How a Top Criminal Justice Group Backs Reform Efforts Across the U.S.
Since its founding roughly five years ago, Civil Rights Corps (CRC) has hit the federal courts fast, hard and frequently to challenge the inhumane and potentially unconstitutional treatment of arrested and incarcerated people. But while it’s most famous for its work in the court system, that work is just part of CRC’s overall goal to “shift power to individuals and communities that are directly impacted by the criminal legal system,” in the words of Development Manager Erica Thurman.
Those efforts include public education through social media, podcasts and a vibrant media outreach program, funneling money and other support to local groups through its newly reorganized re-grant program, and even getting the arts involved. Since 2019, Civil Rights Corps has provided $7,500 yearly stipends to a selected poet-in-residence and visual artist-in-residence to “produce urgent and vivid works that communicate the humanity of our clients and others like them.” The group’s 2021 fellows will be announced later this month.

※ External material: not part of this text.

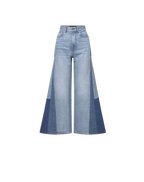 Vicki Patchwork Wide-Leg Jean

CRC has also ventured into lawmaking, with a model Pretrial Release and Detention Act, which “sets out a framework for a pretrial system that does not rely on money, that does not rely on algorithmic risk assessment, but that really maximizes pretrial liberty for the folks who are being put through the criminal legal system,” said Director of Policy Thea Sebastian in a Feb. 1 article for Arnold Ventures.
An expanding reach
Civil Rights Corps attorneys have certainly made their mark in state criminal justice systems. By partnering with other national organizations including the ACLU, Black Lives Matter and Advancement Project, and with local organizations including Michigan Liberation, the Texas Jail Project and Life After Release in Maryland, Civil Rights Corps attorneys have fought in court for arrested and incarcerated people across the country—including a recent wave of lawsuits attempting to force municipalities to release jailed and imprisoned people to protect them from the novel coronavirus.
Both before and since the beginning of the pandemic, CRC attorneys have been in court attempting to force reforms across four main areas: cash bail, the criminalization of poverty, taking on prosecutors and other issues within legal systems, and fighting to insure that indigent people accused of crimes receive the defense they're entitled to. Or, as the NFL said in a 2019 release announcing its Social Justice Grants, “Civil Rights Corps are leaders in landmark litigation and high-impact advocacy that empowers communities to change the unjust legal system.”
The organization’s work, and its wins, have attracted significant financial support. From its founding, Civil Rights Corps was supported by funders including the Sandler Foundation, the Chan Zuckerberg Initiative and the Open Philanthropy Project. In 2019 alone, CRC received more than $2.3 million in grants, most of which came from the Silicon Valley Foundation.
That support, Thurman told Blue Tent, extends to her organization’s work supporting local partners. Thurman, who took on the task of expanding the re-grant program in August, said, “thankfully, a good number of funders directly support that work. And if they don’t directly financially support it, [they] are really supportive of it.”
Donors also ask Thurman what local organizations should receive their support, which really helps with the “sustainability component” that Civil Rights Corps is trying to help its local partners achieve.
A range of supports
To help build that sustainability, Thurman said that in addition to funds, Civil Rights Corps offers what she calls “more of the technical assistance component,” including providing support with communication, development and operations, with a renewed focus on organizations led by Black, brown, and other directly impacted individuals.
Another spokesperson, Communications Manager Aaron Zeiler, explained that Civil Rights Corps has been re-granting funds since about 2018, but before Thurman came on board to manage the program, “it was very limited and managed on a case-by-case basis.
“Erica really made it into a whole program,” he said, adding that the organization hasn’t yet publicized it beyond their organizational newsletter because of the COVID-19 pandemic.
The program does seem to be gearing up. Zeiler told Blue Tent that the fall cycle included $365,000 to organizations including the Texas Jail Project and Life After Release. He added that Civil Rights Corps is getting ready for its 2021 re-grant cycle and that while the program is currently by invitation only, “we are looking forward to opening it to more groups in the future.”
The re-grant program will also facilitate CRC’s work challenging the legal system in court. Just as Michigan Liberation was “instrumental” in making it possible for the Advancement Project and Civil Rights Corps to file suit seeking to release medically vulnerable people from the Oakland County, Michigan jail, Thurman said that by deepening relationships with its local partners through the re-grant program, “we can really have an ear to the community’s needs.”
She says, “That’s part of what we hope comes from these relationships, for us to be informed” about where Civil Rights Corps needs to take up the fight for criminal-justice-impacted people next.